Déjà, le précipice de mes errances, une faille dans l'espace-temps que je ne contrôle pas, cette fraction de secondes où je perds pied, où tout s'effondre.
Déjà, les souvenirs constants, lumineux, m'hantent tel un manoir sombre et désert traversé de frissons, obscurcissent mon regard - la paupière qui tressaute, c'est la réminiscence d'une odeur ou d'une lumière particulière, c'est le souvenir lointain d'une parole prononcée il y a des millions d'années, et qui ne reviendra plus, c'est le souvenir cruel de sourires de gens qui sont partis et ne reviendront plus.
Dans le labyrinthe de mes souvenirs, mes pieds déchiquetés, je cherche la mer, cette poésie suprême qui sait rester constante par tous les temps, c'est cette recherche implacable et intransigeante de la beauté, de la vérité, de l'éternité, de l'intensité, qui me porte, me transporte dans ce monde déserté et éteint.
Dans la solitude de nos corps tu étreins une ombre, mon amour passé, dans l'obscurité déchirée par nos souffles tu brises mes digues, que vogue la galère, où donc cacher ma volupté ? Ouvrez les fenêtres, libérez les oiseaux, qu'il disait, et je soupirais d'aise, déjà.

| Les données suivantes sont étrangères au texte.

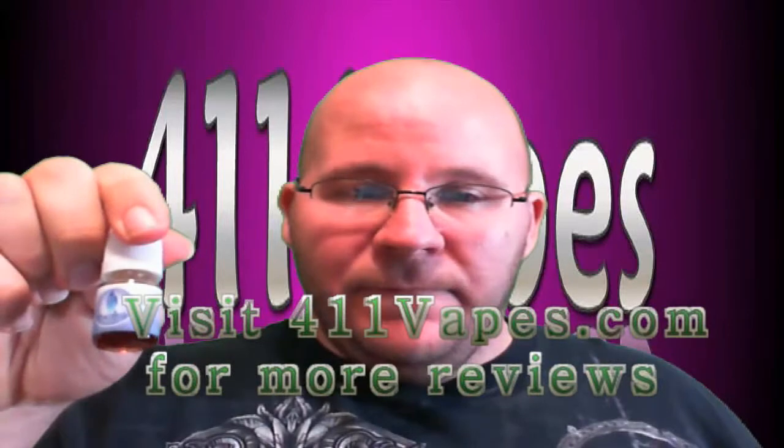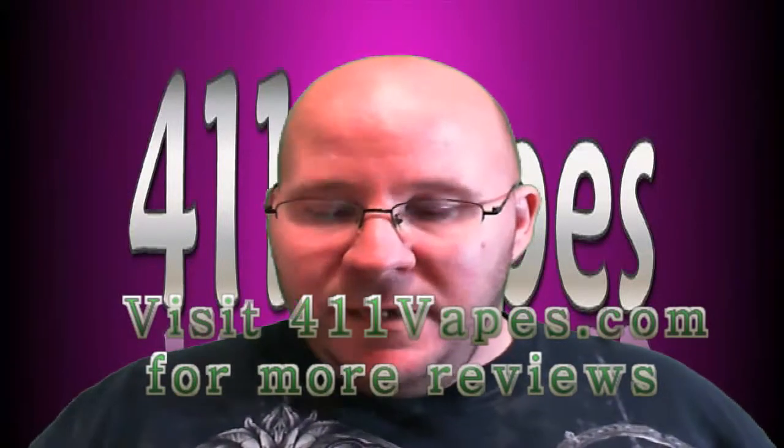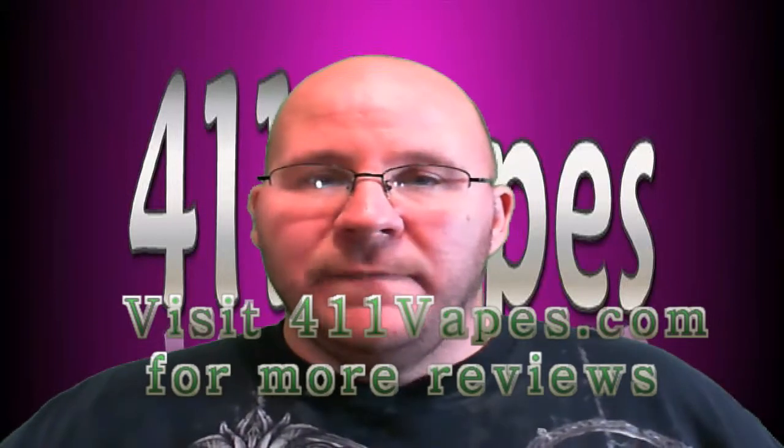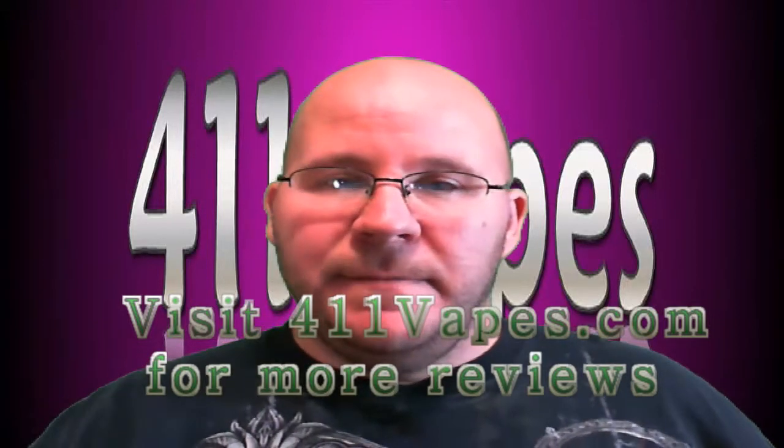Again, this is Belgian Cocoa from Halo Cigs — give it a try, you won't be disappointed. It's Kelly from 411 Vapes. Until the next review, vape safe.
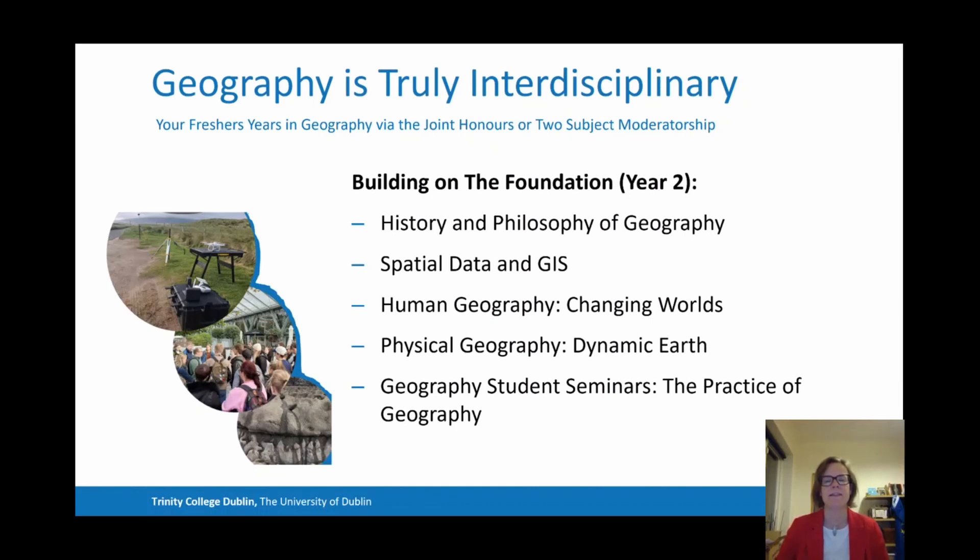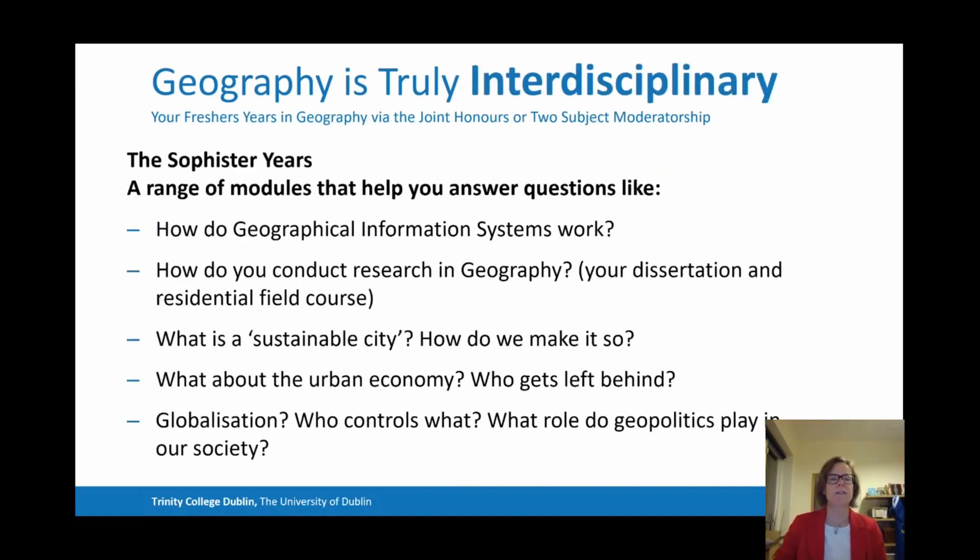The fourth module is Physical Geography: Dynamic Earth, where you will learn about the dynamism on our planet in a regional and local context — how water and ice move across the planet, how winds, biota, and biological influences affect our landscape systems, how we might manage them, and what the role of extreme events such as storms is on our environment and on humans. Finally, Geography Student Seminars in your second year teaches you the practice of geography through our dynamic young geographers in the department, who will show you how geographical techniques are applied in particular contexts — preparing you for your third year when you will become scholars of geography.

Nous n'avons su réparer, préparer, les ravages du temps, amants perdus du désespoir, et sur la grève à perte de vue - c'était encore l'aube grise, tout n'était que brouillard glacé - sur les ruines d'un monde à peine construit, à l'orée de cette nouveauté folle : un jour nouveau, tu saisissais ma main dans un élan de joie, et nos pas sur le sable, déjà, n'étaient plus que le reflet d'une joie passée, éphémère, disparue à jamais.
le tragique de l'instant, la fatalité de la vie.